**Instructions for the task**
Note on the material below: return exactly the lines from the line that holds "Immunohistochemistry of paraffin-embedded" through the line that holds "Africa albinos children portrait", and leave out each picture.

**Given records**
|---|

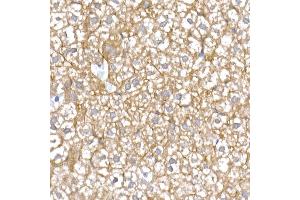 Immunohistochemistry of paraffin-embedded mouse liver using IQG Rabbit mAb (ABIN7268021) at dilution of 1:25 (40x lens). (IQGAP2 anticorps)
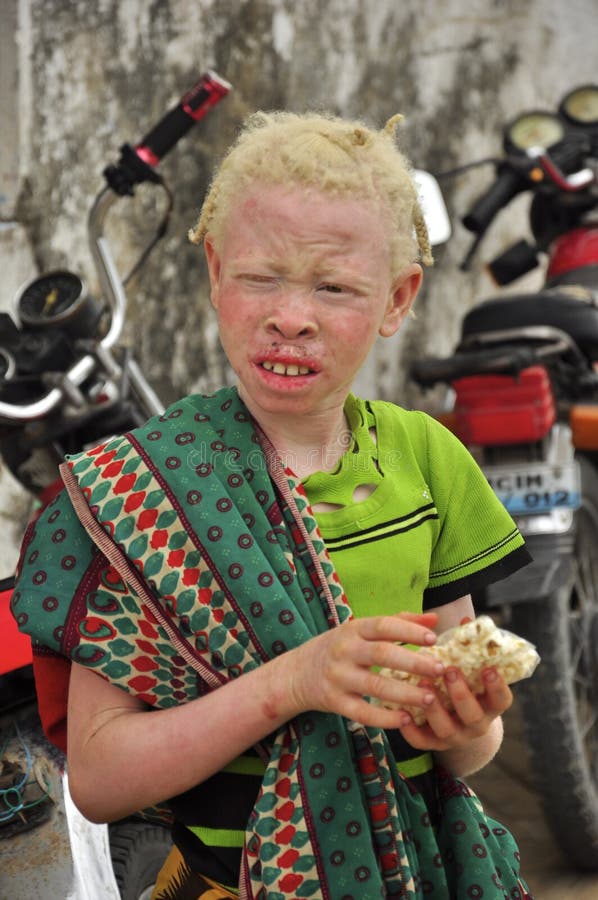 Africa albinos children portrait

|---|

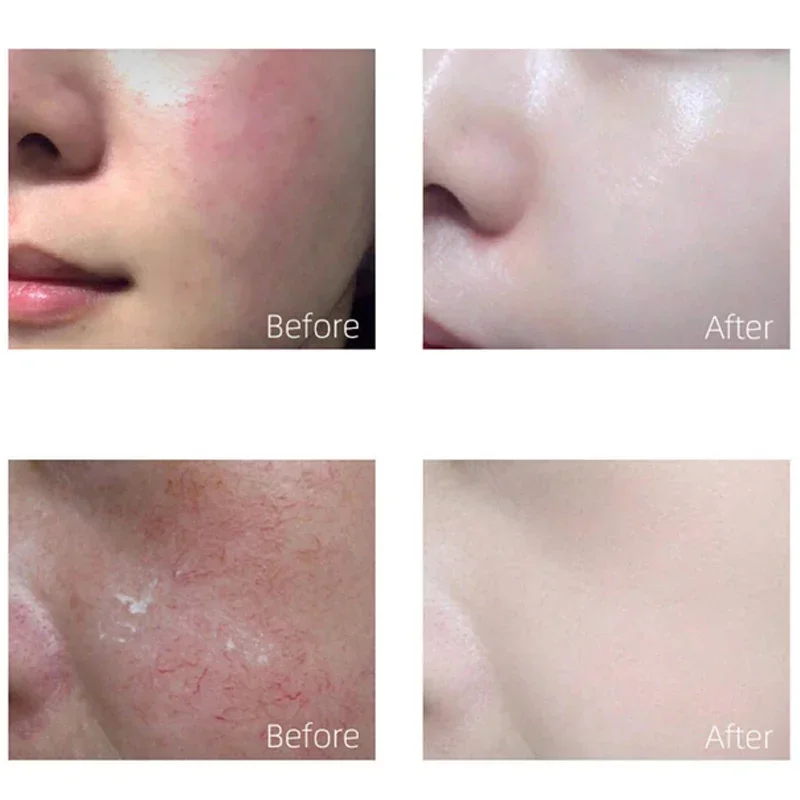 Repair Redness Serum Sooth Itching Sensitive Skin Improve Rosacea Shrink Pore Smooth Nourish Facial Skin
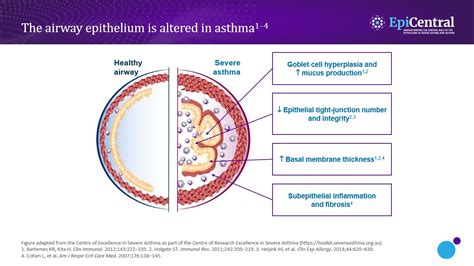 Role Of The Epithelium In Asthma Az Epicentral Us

|---|

**Your response**
 Immunohistochemistry of paraffin-embedded mouse liver using IQG Rabbit mAb (ABIN7268021) at dilution of 1:25 (40x lens). (IQGAP2 anticorps)
 Africa albinos children portrait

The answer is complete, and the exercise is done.